YOUR INSTRUCTIONS - Nothing but the lines from the one containing "Moroccan rug Zayane" through the last line of the data below should be returned, each exactly as it stands, pictures excluded.

Image-text web data
* * * *

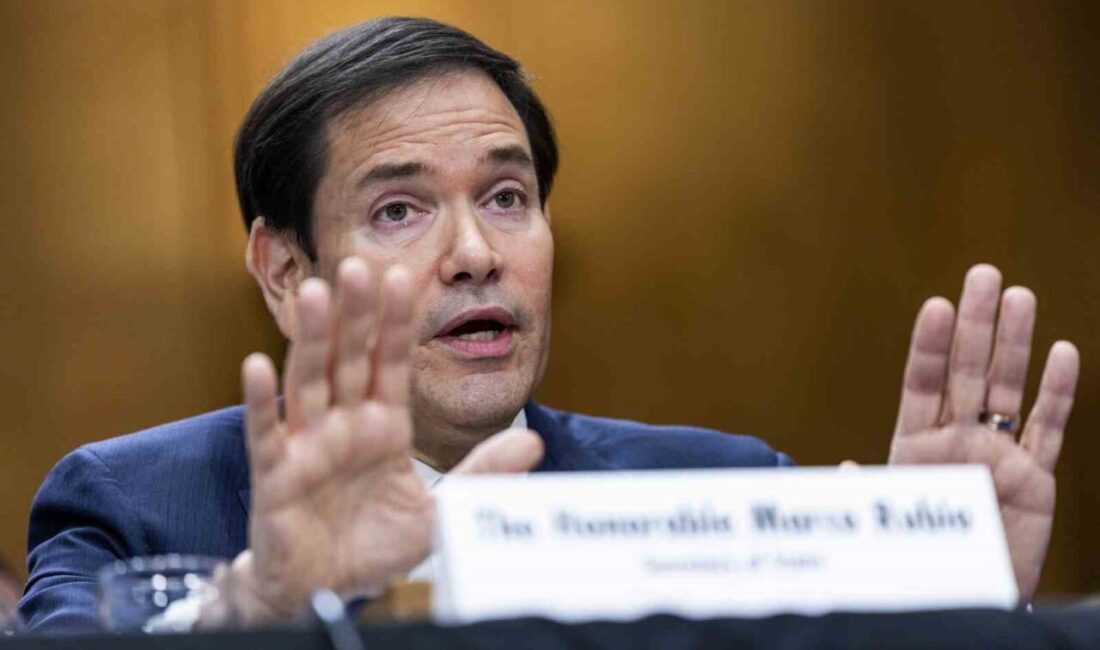 ABD Dışişleri Bakanı Marco Rubio, ABD Senatosu’nun Dış İlişkiler Komitesi’nde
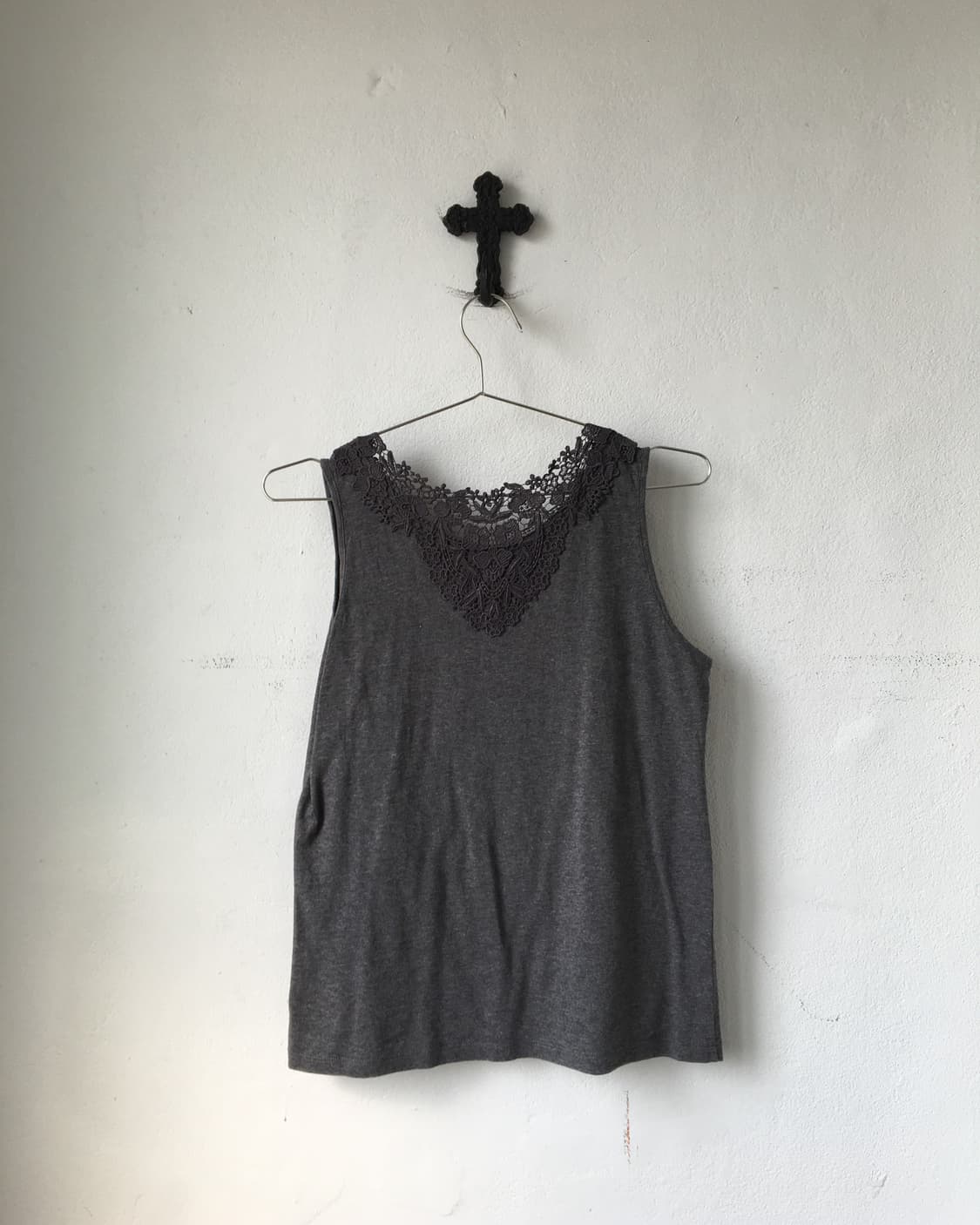 Crochet trimming sleeveless 상품이미지3
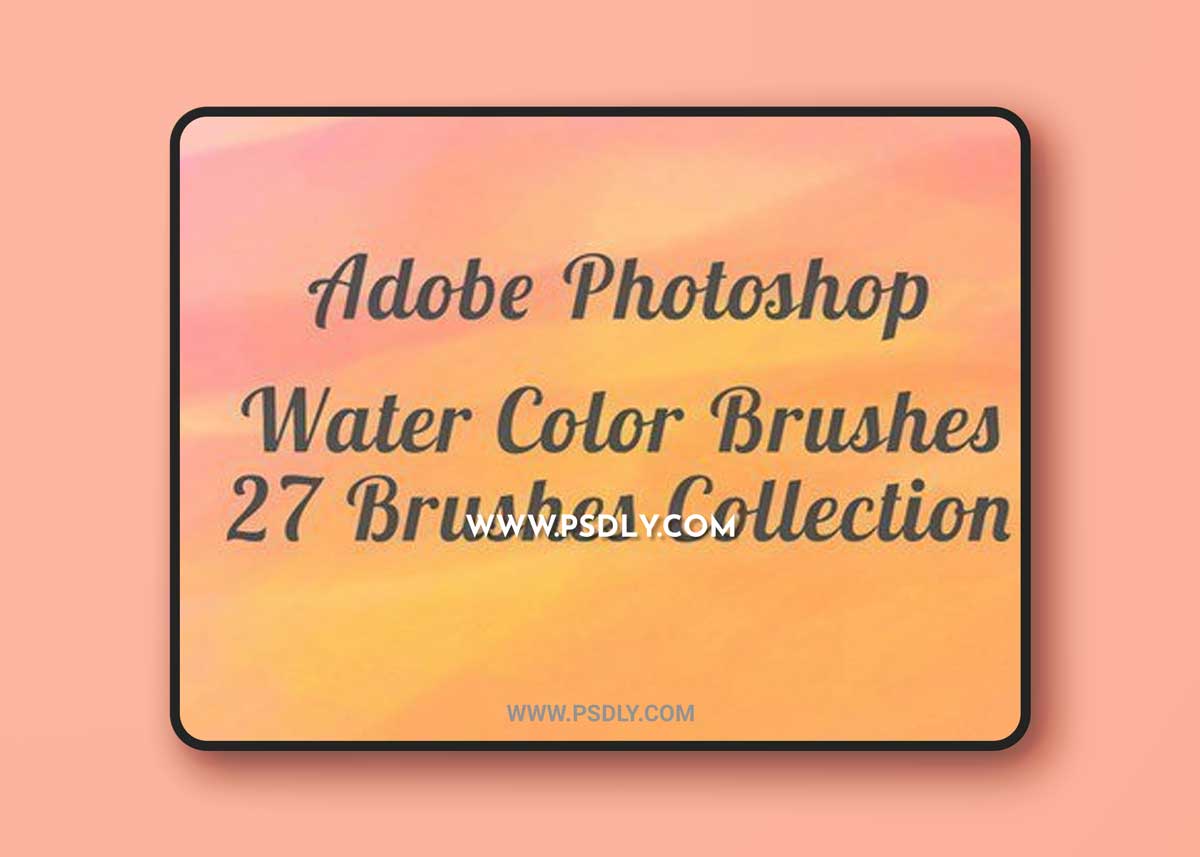 Water Color 27 Brushes for Photoshop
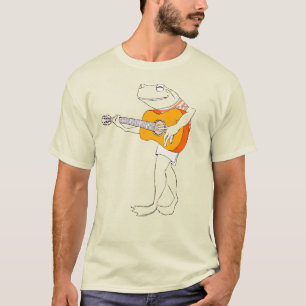 Camiseta Gráfica de Testemunho de Violão Sapo Masc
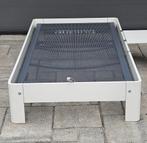Hele nette witte Auping 100x200 met verstelbaar spiraal, Huis en Inrichting, Ophalen, Eenpersoons, Wit, Zo goed als nieuw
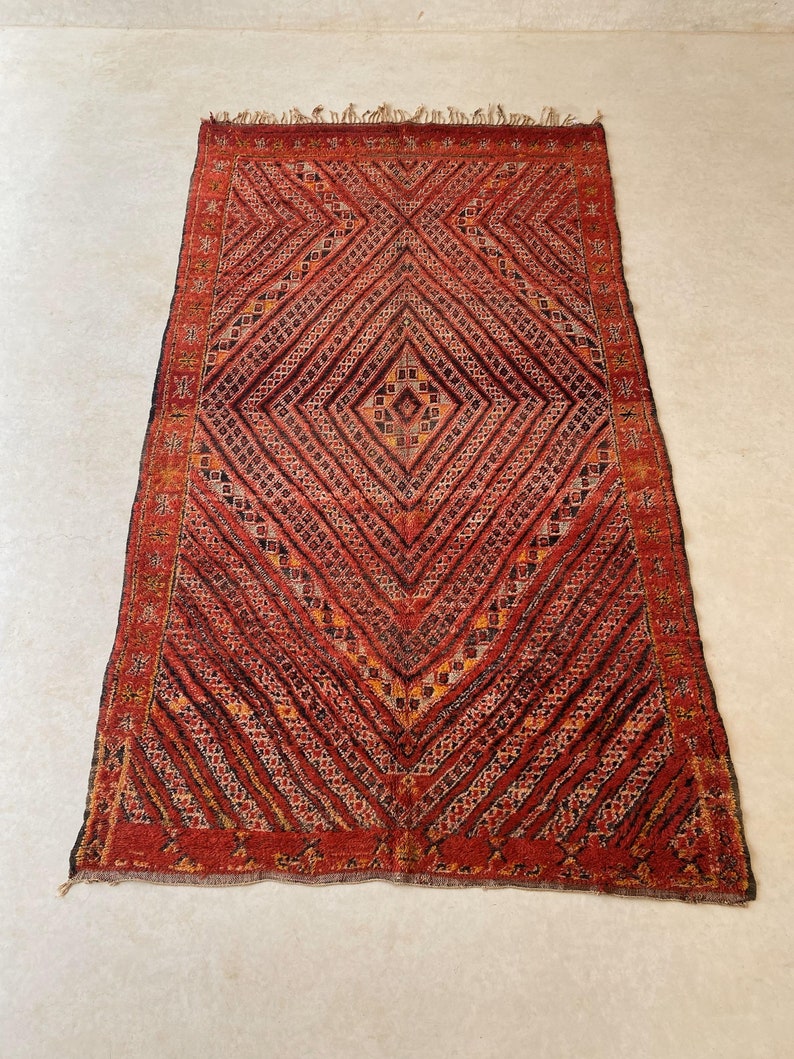 Moroccan rug Zayane 6.7x11.3feet / 205x344cm image 5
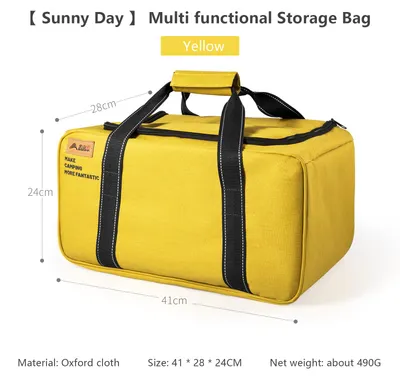Produktbild von BISINNA Campingtasche 26L faltbar Kochgeschirr Aufbewahrung Outdoor – Gelb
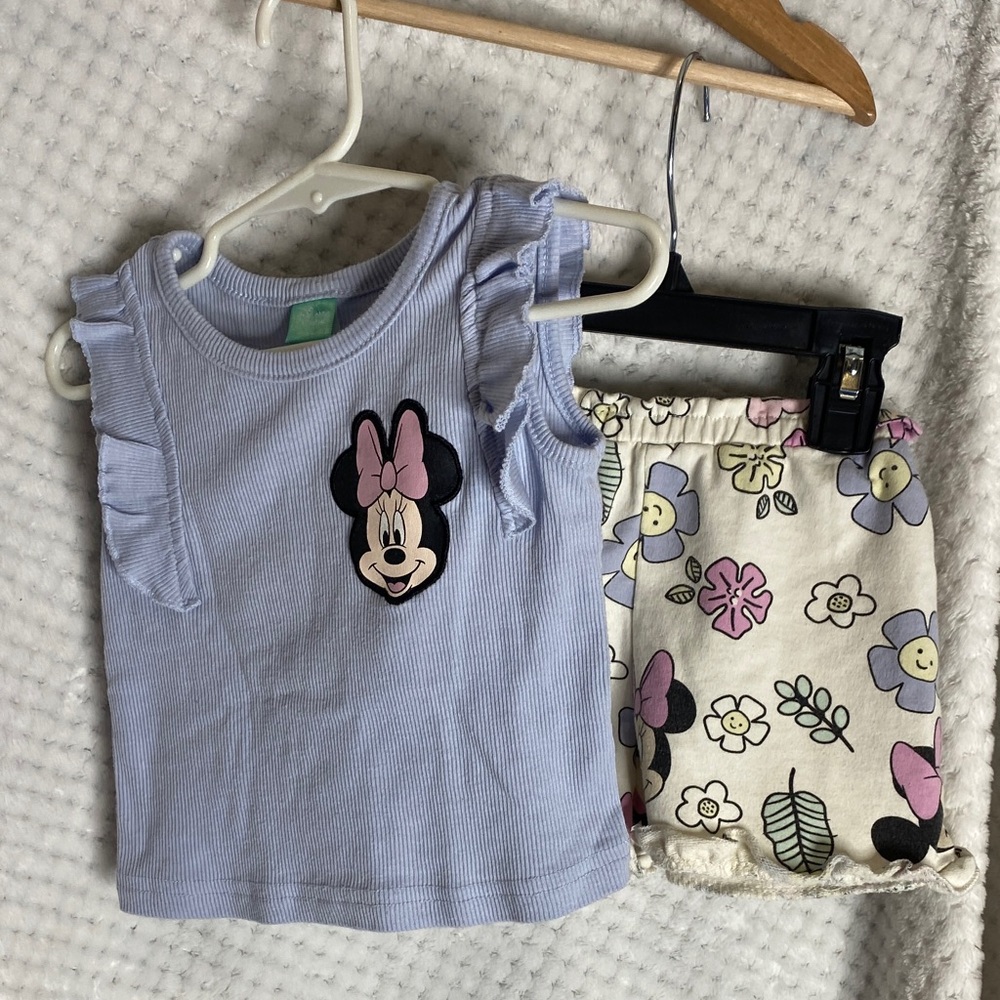 Disney Baby Minnie Mouse Character theme Shorts Outfit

* * * *

TASK RESULT -
 Moroccan rug Zayane 6.7x11.3feet / 205x344cm image 5
Produktbild von BISINNA Campingtasche 26L faltbar Kochgeschirr Aufbewahrung Outdoor – Gelb
 Disney Baby Minnie Mouse Character theme Shorts Outfit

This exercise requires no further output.